[ACTIVITY]: The expected response is an exact repetition of every record, with images excluded.

[INPUT DATA]:
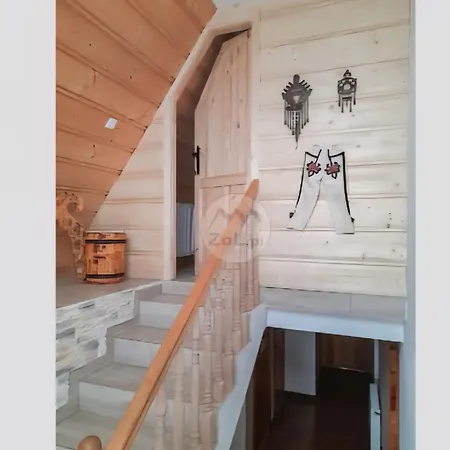 U Sockow * Zakopane
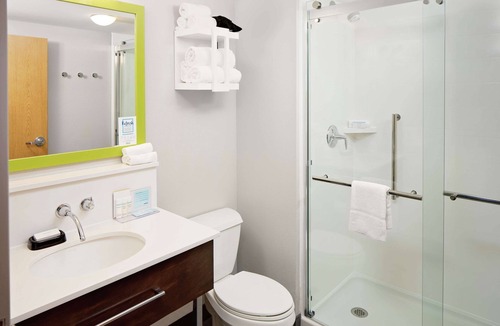 Texas Medical Center Hotel | Hampton Inn & Suites Houston Medical Center NRG Park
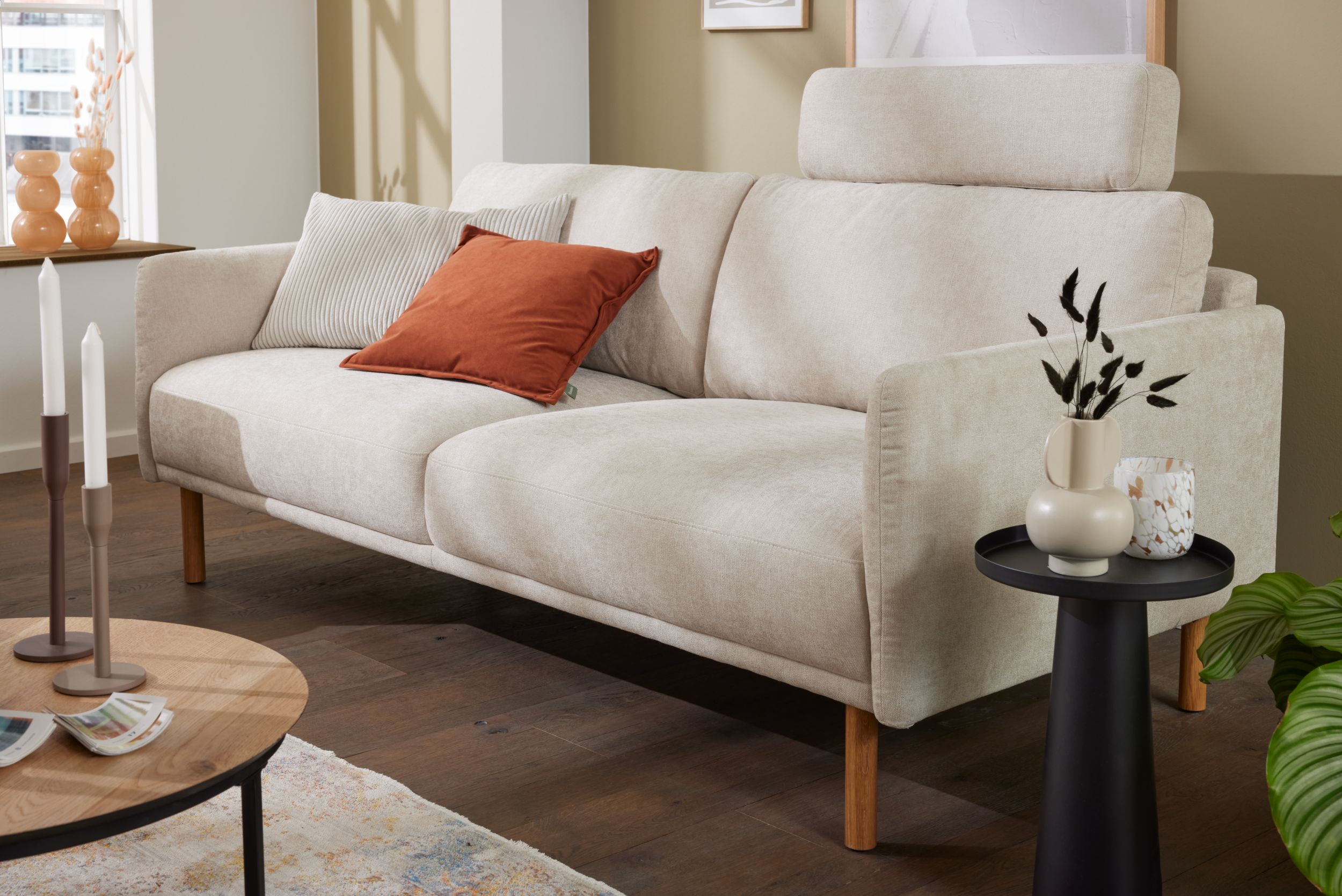 Kopfstütze No. 4104 Candy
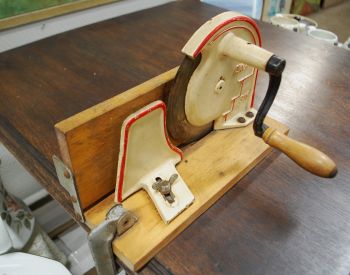 (n-7576) AWR 319 vana viilutaja/ lõikur 2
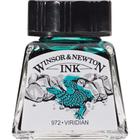 Tinta para Desenho Winsor & Newton 14ml Viridian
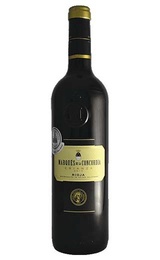 Вино Marques De La Concordia Crianza 0,75 л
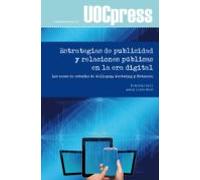 Estrategias De Publicidad Y Relaciones Públicas En La Era Digital (ebo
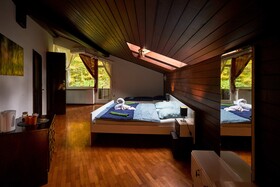 Nature view B&B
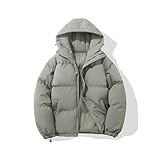 Zoom IMG-1 yizdegg giacca invernale da donna Zoom IMG-1 yizdegg giacca invernale da donna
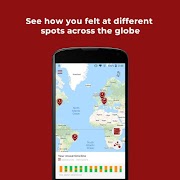 Happimeter Plakat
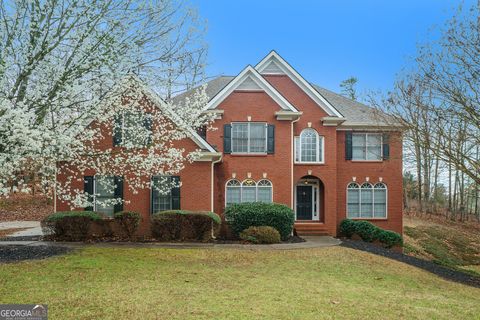 3502 Crown Peak CT Suwanee GA 30024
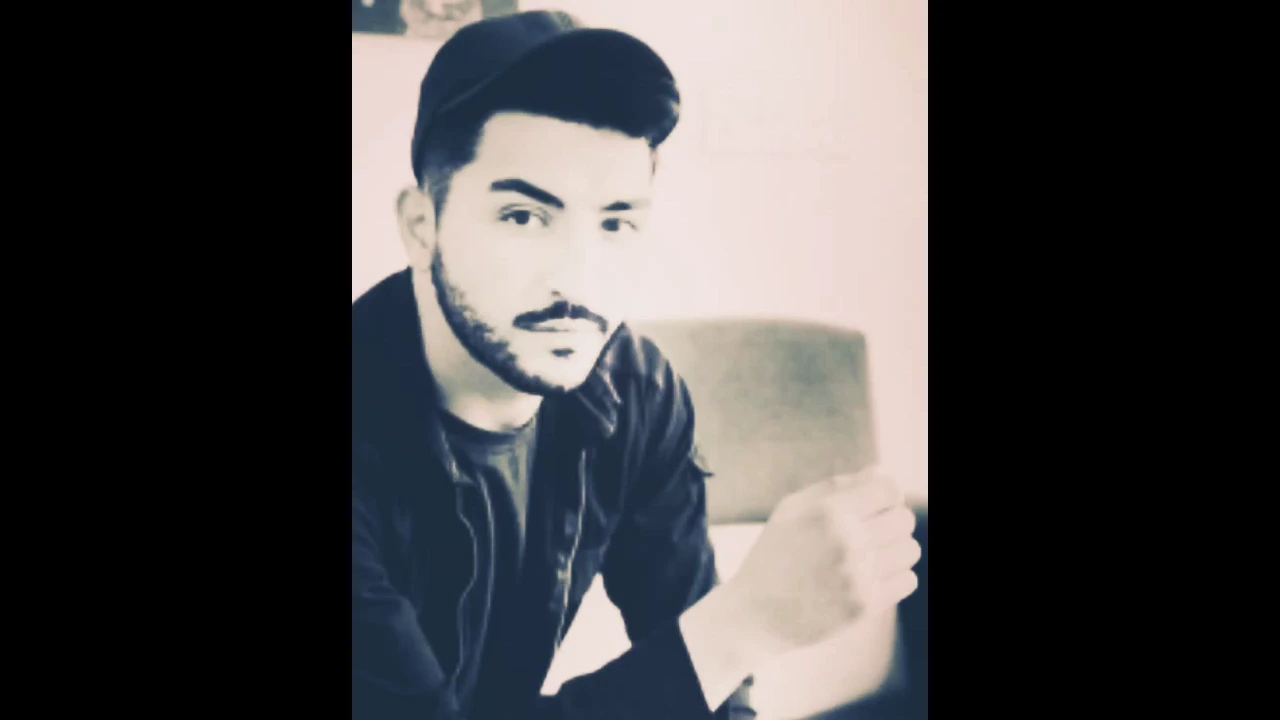 Layla Fareqi Ba Jet Delm Ba Dangy Mazhar Nasih
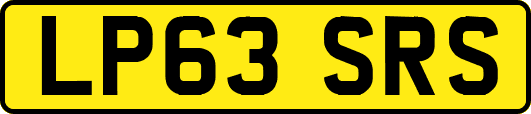 LP63SRS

[OUTPUT OF THE EXERCISE]:
 U Sockow * Zakopane
 Texas Medical Center Hotel | Hampton Inn & Suites Houston Medical Center NRG Park
 Kopfstütze No. 4104 Candy
 (n-7576) AWR 319 vana viilutaja/ lõikur 2
 Tinta para Desenho Winsor & Newton 14ml Viridian
 Вино Marques De La Concordia Crianza 0,75 л
 Estrategias De Publicidad Y Relaciones Públicas En La Era Digital (ebo
 Nature view B&B
 Zoom IMG-1 yizdegg giacca invernale da donna Zoom IMG-1 yizdegg giacca invernale da donna
 Happimeter Plakat
 3502 Crown Peak CT Suwanee GA 30024
 Layla Fareqi Ba Jet Delm Ba Dangy Mazhar Nasih
 LP63SRS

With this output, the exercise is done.